Task prompt: If a line in the data below holds the word "Total", copy it.

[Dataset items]
'''

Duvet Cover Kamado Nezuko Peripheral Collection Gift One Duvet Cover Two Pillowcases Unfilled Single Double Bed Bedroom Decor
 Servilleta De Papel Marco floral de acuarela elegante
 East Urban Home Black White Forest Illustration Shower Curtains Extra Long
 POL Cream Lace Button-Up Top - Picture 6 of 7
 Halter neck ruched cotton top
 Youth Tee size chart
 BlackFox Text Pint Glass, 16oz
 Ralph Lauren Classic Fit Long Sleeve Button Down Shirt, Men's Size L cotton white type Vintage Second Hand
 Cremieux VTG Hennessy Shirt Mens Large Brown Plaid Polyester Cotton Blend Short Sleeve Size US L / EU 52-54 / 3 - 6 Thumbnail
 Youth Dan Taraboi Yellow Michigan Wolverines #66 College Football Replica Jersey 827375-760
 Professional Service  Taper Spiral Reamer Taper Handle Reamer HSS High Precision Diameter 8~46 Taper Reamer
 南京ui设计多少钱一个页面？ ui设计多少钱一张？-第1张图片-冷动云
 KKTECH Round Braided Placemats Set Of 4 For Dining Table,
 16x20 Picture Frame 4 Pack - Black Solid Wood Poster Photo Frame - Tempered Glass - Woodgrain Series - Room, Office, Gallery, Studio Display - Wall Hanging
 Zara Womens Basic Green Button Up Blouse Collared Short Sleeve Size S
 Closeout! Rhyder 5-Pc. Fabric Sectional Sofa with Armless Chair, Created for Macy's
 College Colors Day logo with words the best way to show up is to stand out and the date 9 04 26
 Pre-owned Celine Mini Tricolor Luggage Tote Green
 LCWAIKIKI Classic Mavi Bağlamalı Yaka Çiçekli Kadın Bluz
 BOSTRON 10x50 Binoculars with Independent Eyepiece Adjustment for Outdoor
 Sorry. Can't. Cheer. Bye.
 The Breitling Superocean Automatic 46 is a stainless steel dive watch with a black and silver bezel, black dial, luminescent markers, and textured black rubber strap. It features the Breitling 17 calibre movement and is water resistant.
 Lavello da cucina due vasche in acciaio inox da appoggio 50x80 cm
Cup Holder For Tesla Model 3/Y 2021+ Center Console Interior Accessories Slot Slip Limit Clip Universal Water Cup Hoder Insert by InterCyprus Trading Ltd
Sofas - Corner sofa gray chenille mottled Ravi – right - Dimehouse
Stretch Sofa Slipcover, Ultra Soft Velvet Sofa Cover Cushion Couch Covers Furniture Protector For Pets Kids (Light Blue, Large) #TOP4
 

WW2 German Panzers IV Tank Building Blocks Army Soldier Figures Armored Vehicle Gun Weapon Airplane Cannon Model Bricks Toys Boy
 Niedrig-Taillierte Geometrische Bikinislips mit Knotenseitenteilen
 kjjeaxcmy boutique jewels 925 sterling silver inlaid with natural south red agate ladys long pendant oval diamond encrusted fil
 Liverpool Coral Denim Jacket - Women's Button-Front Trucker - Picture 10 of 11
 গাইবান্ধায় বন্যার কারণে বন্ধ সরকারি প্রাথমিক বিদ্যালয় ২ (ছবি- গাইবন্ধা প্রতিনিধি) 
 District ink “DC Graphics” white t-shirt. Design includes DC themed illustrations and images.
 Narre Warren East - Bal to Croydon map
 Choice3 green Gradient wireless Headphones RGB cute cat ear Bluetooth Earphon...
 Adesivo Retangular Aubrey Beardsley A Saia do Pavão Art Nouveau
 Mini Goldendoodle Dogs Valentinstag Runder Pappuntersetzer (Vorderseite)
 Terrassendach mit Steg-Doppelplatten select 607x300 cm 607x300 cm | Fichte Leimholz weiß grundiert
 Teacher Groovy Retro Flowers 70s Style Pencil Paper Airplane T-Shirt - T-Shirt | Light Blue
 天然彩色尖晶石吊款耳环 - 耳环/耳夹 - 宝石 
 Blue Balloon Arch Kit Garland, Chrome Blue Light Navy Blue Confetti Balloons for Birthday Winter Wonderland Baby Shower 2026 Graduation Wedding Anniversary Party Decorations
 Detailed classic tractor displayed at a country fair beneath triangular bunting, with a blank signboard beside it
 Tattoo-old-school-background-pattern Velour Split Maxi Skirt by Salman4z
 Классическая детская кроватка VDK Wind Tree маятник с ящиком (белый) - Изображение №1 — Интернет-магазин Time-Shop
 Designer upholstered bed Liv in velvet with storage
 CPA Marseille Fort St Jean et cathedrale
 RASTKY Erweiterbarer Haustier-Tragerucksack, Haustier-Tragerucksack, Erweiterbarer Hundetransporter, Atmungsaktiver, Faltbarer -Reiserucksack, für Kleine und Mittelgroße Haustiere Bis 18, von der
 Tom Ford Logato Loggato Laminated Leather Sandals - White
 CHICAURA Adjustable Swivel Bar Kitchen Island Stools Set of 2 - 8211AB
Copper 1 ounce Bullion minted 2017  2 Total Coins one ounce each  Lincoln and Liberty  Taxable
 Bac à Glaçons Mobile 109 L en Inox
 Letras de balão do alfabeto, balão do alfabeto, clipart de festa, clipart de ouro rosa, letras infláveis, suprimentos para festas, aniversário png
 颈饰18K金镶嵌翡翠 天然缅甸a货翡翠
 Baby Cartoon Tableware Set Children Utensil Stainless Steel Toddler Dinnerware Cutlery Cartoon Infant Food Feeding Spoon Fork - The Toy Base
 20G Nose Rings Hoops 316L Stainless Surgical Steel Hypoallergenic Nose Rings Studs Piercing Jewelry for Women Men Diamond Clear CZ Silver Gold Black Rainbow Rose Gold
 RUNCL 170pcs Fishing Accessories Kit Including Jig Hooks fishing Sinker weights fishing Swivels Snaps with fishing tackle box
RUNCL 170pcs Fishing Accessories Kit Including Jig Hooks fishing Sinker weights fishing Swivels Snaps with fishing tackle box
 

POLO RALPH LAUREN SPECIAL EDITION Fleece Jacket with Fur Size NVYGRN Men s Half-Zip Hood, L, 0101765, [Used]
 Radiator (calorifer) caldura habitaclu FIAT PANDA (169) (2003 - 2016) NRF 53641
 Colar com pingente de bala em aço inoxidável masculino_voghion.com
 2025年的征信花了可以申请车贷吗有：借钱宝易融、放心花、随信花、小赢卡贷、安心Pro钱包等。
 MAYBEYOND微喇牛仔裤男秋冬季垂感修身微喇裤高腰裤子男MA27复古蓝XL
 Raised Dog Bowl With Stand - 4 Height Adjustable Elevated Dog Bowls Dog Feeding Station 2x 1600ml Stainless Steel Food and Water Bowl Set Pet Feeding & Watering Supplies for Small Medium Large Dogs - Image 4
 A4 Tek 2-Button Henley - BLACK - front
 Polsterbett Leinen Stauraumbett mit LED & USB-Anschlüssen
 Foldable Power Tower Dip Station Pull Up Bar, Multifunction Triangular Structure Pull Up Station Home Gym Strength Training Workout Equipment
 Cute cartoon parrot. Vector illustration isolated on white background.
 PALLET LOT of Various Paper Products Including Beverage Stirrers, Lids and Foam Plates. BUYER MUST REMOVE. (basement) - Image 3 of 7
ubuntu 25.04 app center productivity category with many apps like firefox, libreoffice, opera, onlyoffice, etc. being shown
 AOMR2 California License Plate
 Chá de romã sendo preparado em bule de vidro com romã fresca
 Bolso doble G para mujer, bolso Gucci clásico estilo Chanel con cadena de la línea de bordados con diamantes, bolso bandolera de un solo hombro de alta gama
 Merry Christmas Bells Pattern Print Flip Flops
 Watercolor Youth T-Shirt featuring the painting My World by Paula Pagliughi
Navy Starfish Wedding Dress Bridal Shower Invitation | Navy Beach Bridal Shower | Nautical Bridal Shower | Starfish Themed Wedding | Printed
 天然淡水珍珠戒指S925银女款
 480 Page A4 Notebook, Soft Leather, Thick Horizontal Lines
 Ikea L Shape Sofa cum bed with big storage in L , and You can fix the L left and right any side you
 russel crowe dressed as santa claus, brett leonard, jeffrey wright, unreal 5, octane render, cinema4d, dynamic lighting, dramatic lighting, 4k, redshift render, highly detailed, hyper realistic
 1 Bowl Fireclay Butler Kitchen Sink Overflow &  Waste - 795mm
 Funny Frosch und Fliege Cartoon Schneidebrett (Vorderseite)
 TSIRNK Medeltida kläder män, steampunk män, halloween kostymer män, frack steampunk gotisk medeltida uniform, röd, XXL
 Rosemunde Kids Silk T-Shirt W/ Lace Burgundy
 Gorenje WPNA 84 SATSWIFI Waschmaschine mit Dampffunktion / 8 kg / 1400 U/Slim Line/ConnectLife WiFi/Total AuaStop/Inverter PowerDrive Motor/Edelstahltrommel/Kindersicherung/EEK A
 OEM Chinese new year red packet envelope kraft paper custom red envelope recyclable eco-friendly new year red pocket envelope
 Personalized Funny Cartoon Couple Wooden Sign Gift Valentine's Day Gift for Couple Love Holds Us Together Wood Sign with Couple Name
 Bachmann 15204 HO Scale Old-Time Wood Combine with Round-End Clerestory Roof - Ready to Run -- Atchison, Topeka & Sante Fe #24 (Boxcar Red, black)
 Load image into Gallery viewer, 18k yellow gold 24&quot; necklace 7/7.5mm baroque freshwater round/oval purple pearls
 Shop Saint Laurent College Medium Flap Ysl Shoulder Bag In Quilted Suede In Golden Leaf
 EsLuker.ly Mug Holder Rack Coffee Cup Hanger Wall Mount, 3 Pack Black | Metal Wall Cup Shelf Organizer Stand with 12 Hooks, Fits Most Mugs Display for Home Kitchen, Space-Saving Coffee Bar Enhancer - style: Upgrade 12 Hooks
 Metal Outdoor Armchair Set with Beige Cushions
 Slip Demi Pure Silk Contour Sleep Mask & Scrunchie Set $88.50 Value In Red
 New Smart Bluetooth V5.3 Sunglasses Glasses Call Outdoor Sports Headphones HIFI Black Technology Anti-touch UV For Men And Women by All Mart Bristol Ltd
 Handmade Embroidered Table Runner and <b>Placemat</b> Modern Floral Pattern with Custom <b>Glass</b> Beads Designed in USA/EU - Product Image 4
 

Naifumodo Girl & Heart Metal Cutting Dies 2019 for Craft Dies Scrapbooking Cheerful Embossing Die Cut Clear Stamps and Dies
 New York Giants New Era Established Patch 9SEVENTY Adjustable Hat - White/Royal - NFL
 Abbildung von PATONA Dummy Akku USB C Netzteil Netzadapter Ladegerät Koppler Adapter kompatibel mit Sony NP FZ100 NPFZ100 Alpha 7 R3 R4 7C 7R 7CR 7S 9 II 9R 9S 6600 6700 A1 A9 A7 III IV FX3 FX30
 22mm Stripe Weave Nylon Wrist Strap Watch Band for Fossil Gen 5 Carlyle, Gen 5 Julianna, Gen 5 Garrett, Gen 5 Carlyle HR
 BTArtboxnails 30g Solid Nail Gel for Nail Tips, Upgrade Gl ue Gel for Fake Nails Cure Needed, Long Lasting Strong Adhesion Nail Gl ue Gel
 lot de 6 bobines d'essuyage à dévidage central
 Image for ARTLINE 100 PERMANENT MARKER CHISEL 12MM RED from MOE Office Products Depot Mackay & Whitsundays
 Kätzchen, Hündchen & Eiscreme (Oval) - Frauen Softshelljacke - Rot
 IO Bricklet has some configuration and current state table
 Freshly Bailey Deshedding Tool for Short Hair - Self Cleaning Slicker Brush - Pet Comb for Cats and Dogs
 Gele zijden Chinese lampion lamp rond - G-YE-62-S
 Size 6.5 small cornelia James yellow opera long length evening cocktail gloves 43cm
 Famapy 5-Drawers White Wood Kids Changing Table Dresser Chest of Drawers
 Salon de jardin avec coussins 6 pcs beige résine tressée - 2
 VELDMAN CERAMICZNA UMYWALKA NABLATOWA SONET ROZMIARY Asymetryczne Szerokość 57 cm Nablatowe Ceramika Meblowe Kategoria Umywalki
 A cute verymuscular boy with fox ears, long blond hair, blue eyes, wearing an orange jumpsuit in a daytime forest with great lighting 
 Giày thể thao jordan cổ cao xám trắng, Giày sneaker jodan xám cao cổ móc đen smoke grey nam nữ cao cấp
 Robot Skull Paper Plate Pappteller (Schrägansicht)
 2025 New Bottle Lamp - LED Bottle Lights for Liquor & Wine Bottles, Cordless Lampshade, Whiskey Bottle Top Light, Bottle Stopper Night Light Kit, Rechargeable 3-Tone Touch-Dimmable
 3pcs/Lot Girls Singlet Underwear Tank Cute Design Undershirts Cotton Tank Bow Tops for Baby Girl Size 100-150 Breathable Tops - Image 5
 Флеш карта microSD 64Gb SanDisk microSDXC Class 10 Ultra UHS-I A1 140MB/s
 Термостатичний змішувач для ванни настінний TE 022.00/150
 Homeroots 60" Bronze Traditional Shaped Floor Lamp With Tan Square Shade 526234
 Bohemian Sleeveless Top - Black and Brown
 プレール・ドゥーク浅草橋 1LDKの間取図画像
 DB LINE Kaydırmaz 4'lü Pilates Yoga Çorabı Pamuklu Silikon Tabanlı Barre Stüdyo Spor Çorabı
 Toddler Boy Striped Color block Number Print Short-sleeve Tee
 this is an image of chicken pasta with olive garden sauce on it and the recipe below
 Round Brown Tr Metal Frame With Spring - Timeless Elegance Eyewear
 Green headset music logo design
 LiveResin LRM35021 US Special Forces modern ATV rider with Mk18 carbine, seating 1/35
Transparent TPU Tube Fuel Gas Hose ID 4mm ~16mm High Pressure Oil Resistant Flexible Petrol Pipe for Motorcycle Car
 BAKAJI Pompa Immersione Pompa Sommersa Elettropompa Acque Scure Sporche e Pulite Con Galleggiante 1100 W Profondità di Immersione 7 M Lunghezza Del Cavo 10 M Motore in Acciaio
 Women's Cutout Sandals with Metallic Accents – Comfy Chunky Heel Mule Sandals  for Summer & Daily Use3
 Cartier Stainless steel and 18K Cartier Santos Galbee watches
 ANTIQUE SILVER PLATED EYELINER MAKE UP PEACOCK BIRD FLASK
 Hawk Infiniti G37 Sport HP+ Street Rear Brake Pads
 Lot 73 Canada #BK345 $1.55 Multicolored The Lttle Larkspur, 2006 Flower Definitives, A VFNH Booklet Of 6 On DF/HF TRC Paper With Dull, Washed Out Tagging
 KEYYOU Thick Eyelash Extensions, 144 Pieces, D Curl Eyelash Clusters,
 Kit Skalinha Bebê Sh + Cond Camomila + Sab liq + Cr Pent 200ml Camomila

'''

Answer to this task:
Copper 1 ounce Bullion minted 2017  2 Total Coins one ounce each  Lincoln and Liberty  Taxable
 Gorenje WPNA 84 SATSWIFI Waschmaschine mit Dampffunktion / 8 kg / 1400 U/Slim Line/ConnectLife WiFi/Total AuaStop/Inverter PowerDrive Motor/Edelstahltrommel/Kindersicherung/EEK A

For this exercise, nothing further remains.